__Work instructions__:
Pictures do not belong in the output. Reproduce exactly the lines from the start of the records through the line with "Pinzas para el".
[Source information — start]
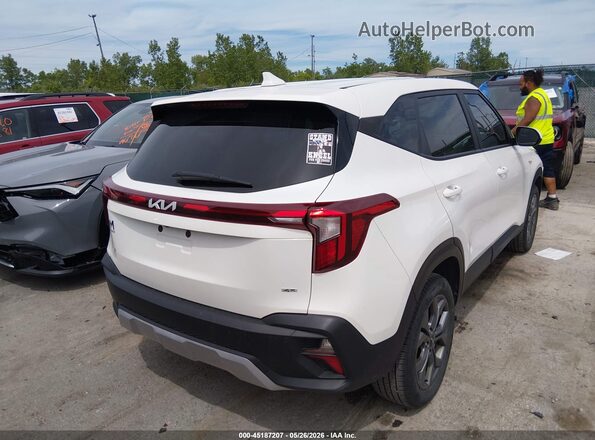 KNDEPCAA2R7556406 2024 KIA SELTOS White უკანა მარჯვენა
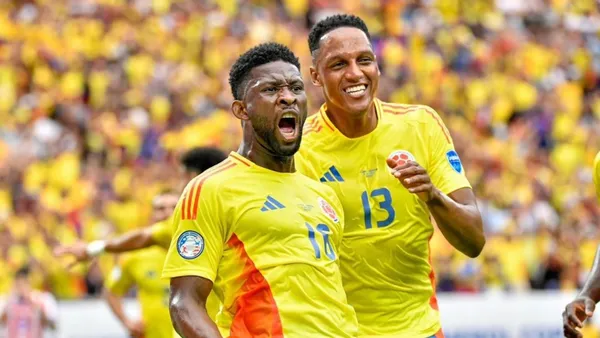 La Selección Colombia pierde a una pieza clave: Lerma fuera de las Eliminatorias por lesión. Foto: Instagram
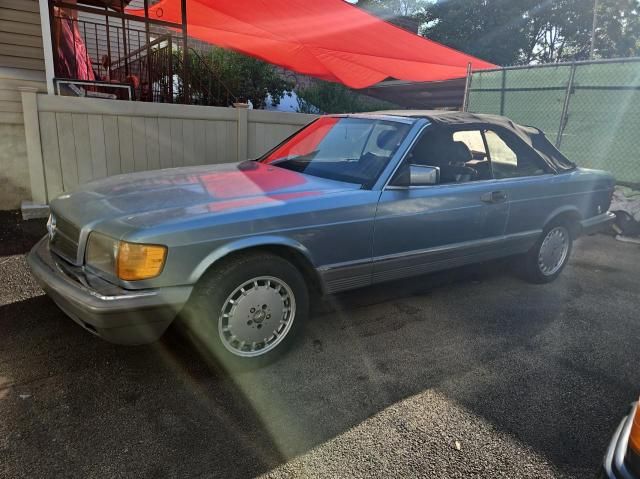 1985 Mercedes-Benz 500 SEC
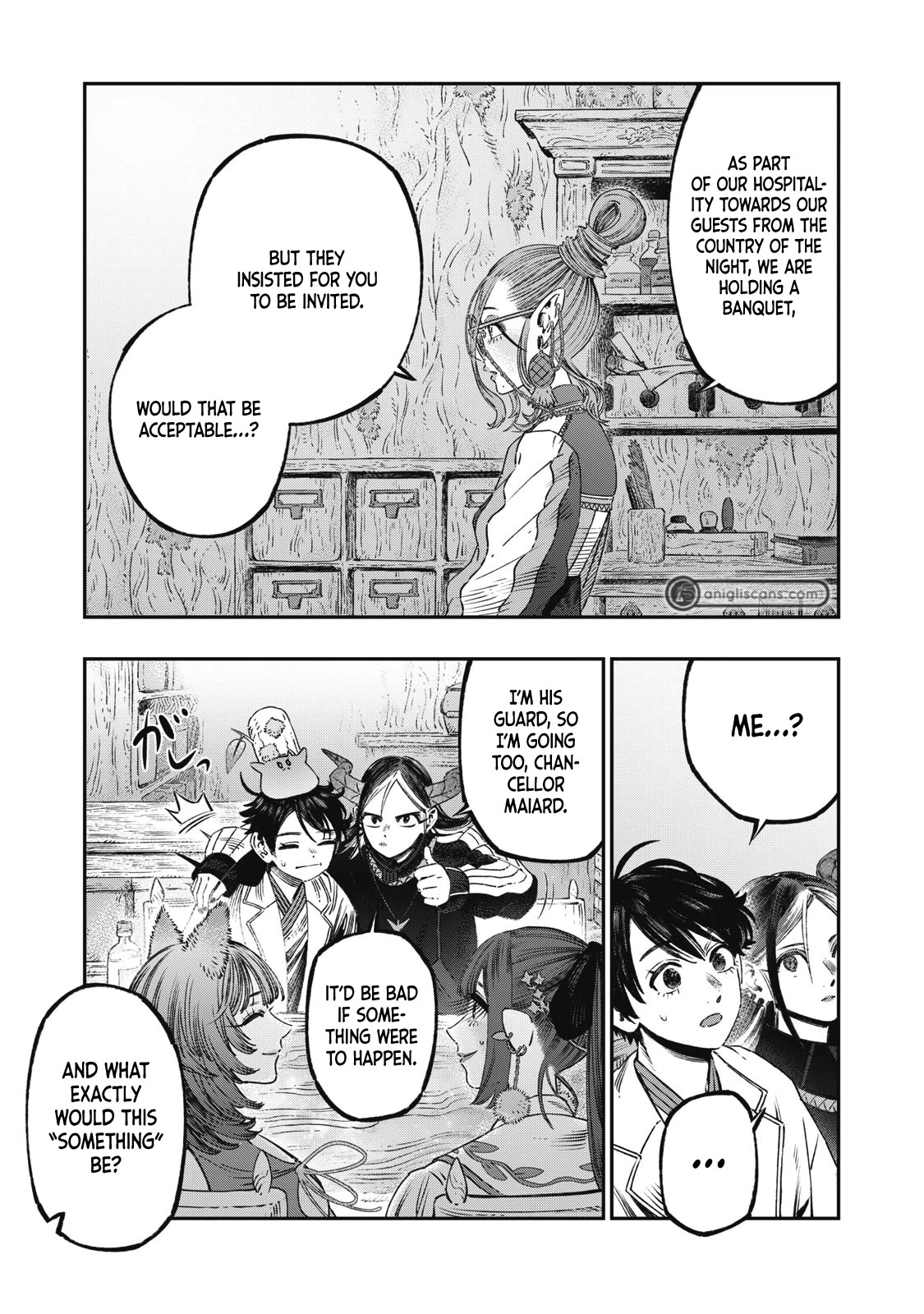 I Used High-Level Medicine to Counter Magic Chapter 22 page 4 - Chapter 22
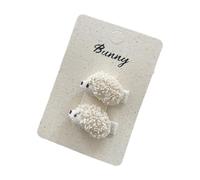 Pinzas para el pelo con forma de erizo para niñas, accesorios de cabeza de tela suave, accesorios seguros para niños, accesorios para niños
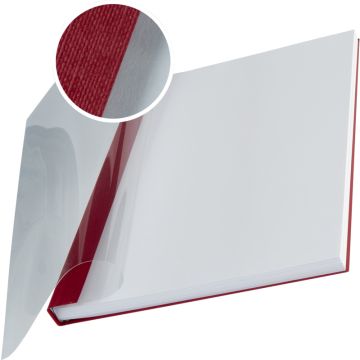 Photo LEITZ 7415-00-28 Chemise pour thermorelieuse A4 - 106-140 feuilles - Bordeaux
[Source information — finish]
__Finished task__:
 KNDEPCAA2R7556406 2024 KIA SELTOS White უკანა მარჯვენა
 La Selección Colombia pierde a una pieza clave: Lerma fuera de las Eliminatorias por lesión. Foto: Instagram
 1985 Mercedes-Benz 500 SEC
 I Used High-Level Medicine to Counter Magic Chapter 22 page 4 - Chapter 22
 Pinzas para el pelo con forma de erizo para niñas, accesorios de cabeza de tela suave, accesorios seguros para niños, accesorios para niños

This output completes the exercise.